_Pictures with short captions_.
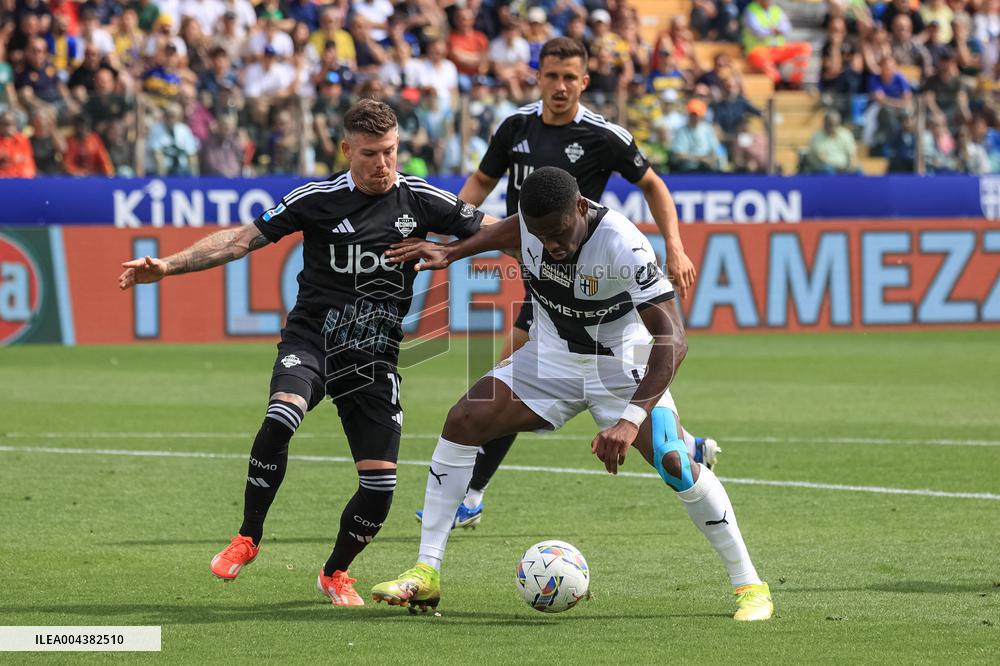 CALCIO - Serie A - Parma Calcio vs Como 1907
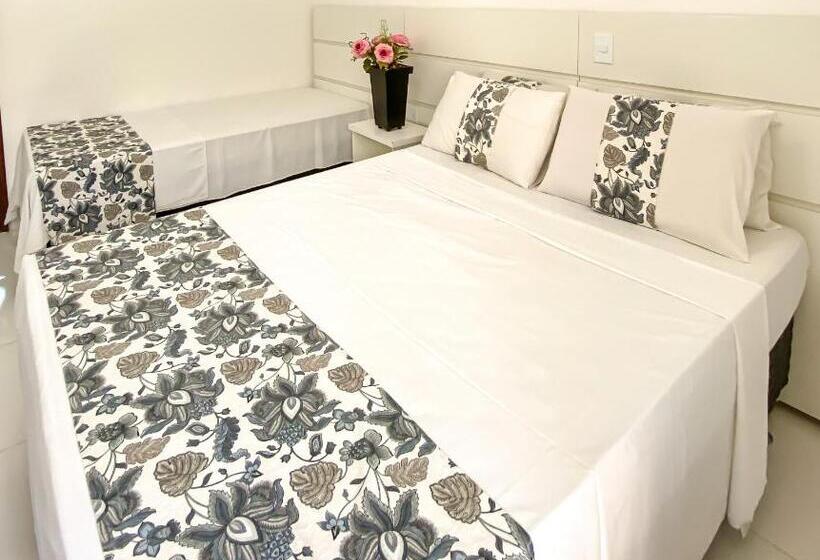 Номер Стандарт Трехместный, Malibu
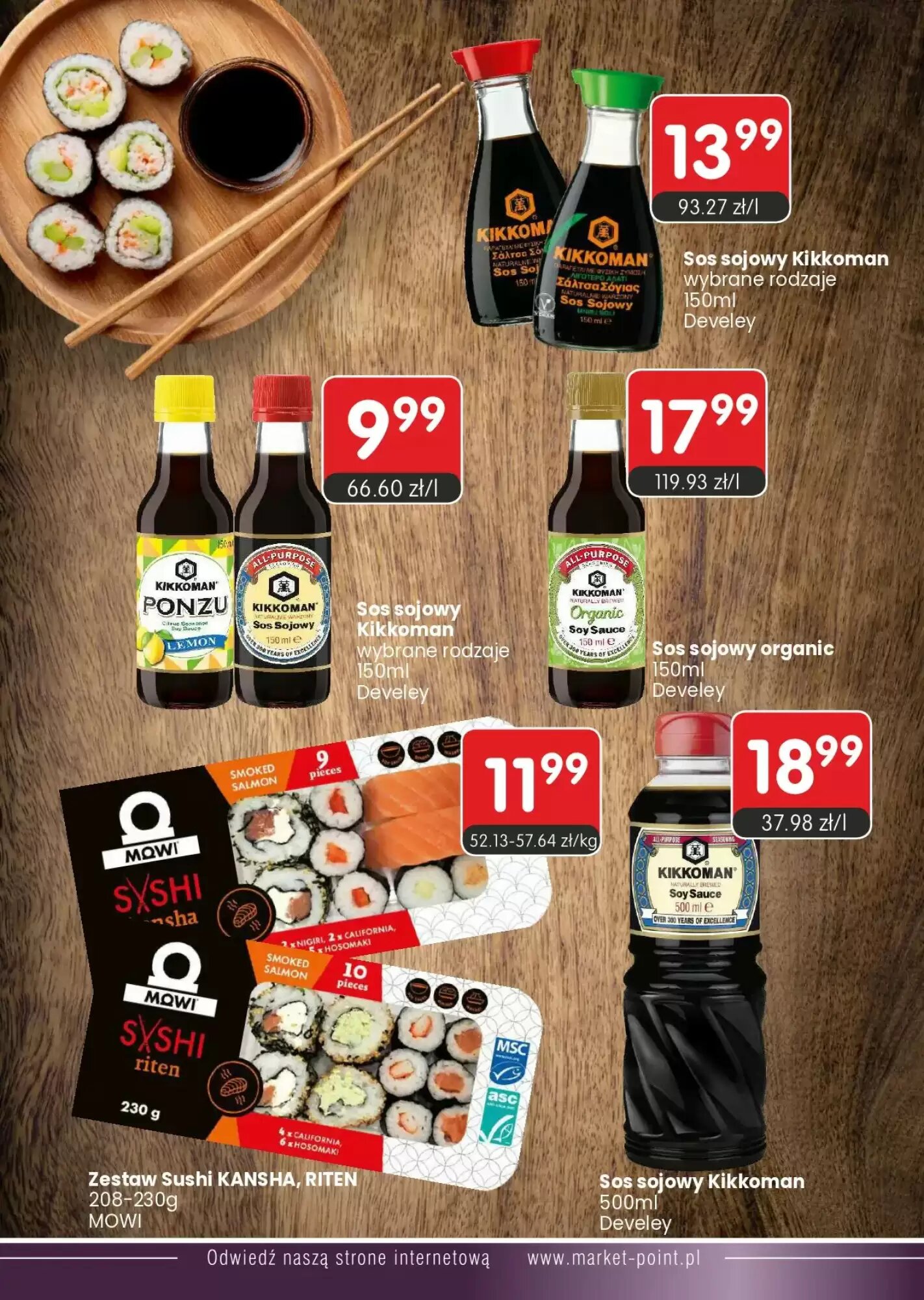 Gazetka promocyjna Market Point  ważna od 14.09.2026 - Strona 11.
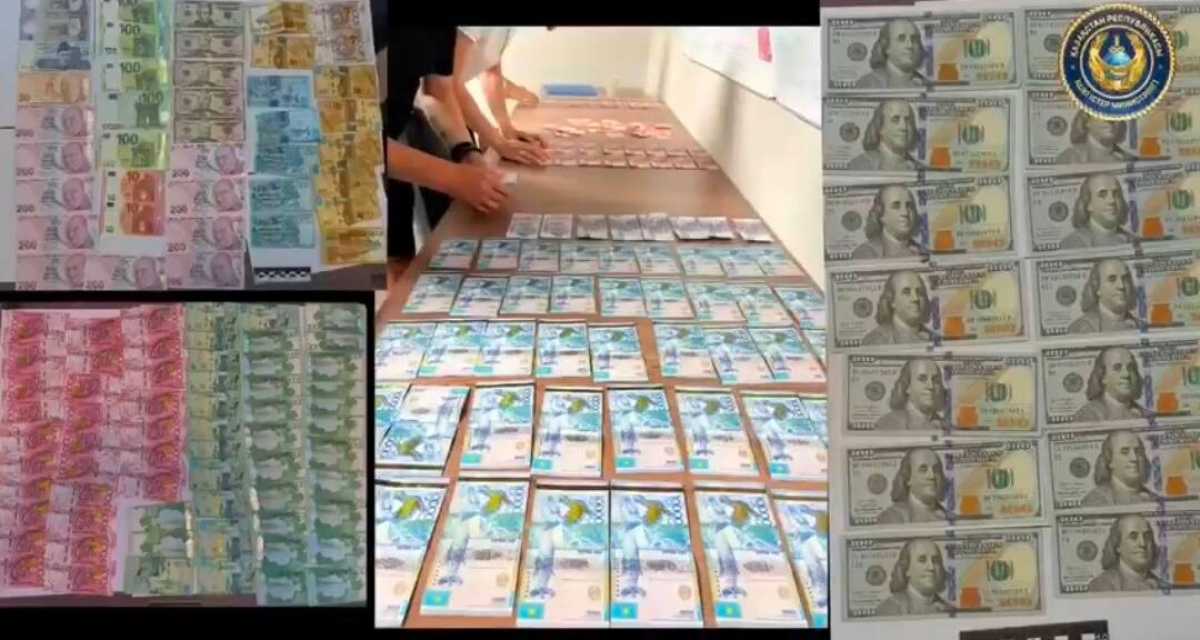 У пассажира авиарейса Шымкент–Астана украли более 7 млн тг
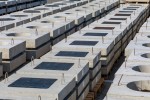 Elemente canalizare - Placi de acoperire necarosabile rectangulare din beton armat cu capac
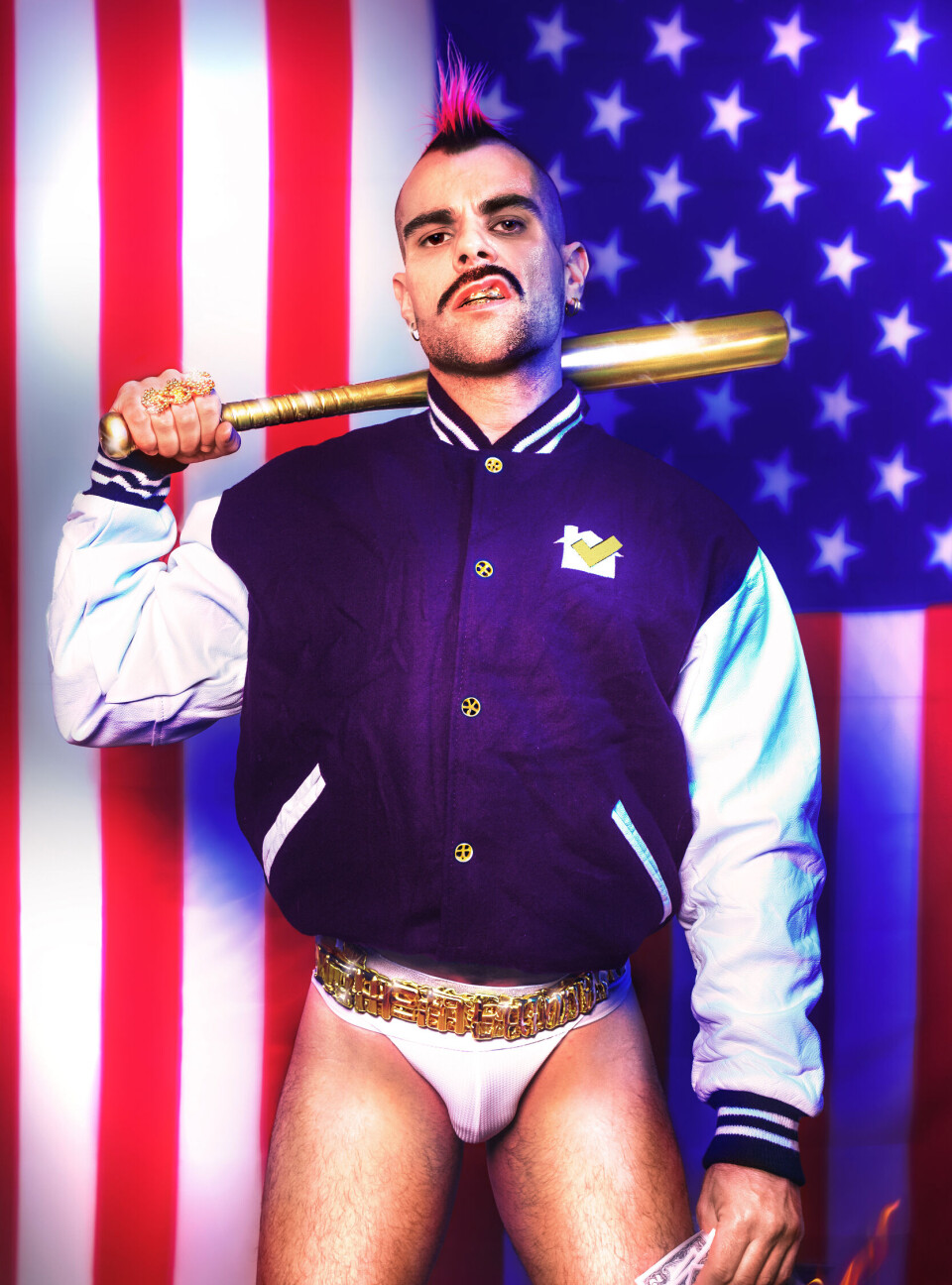 Fotograaf Romain Berger: “Een gesloten gemeenschap leidt tot een eenzijdige manier van denken” american flouze 2024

_WHAT NEEDS TO BE DONE_. Each record above must be retyped exactly. Omit the pictures.

_EXERCISE SOLUTION_.
 CALCIO - Serie A - Parma Calcio vs Como 1907
 Номер Стандарт Трехместный, Malibu
 Gazetka promocyjna Market Point  ważna od 14.09.2026 - Strona 11.
 У пассажира авиарейса Шымкент–Астана украли более 7 млн тг
 Elemente canalizare - Placi de acoperire necarosabile rectangulare din beton armat cu capac
 Fotograaf Romain Berger: “Een gesloten gemeenschap leidt tot een eenzijdige manier van denken” american flouze 2024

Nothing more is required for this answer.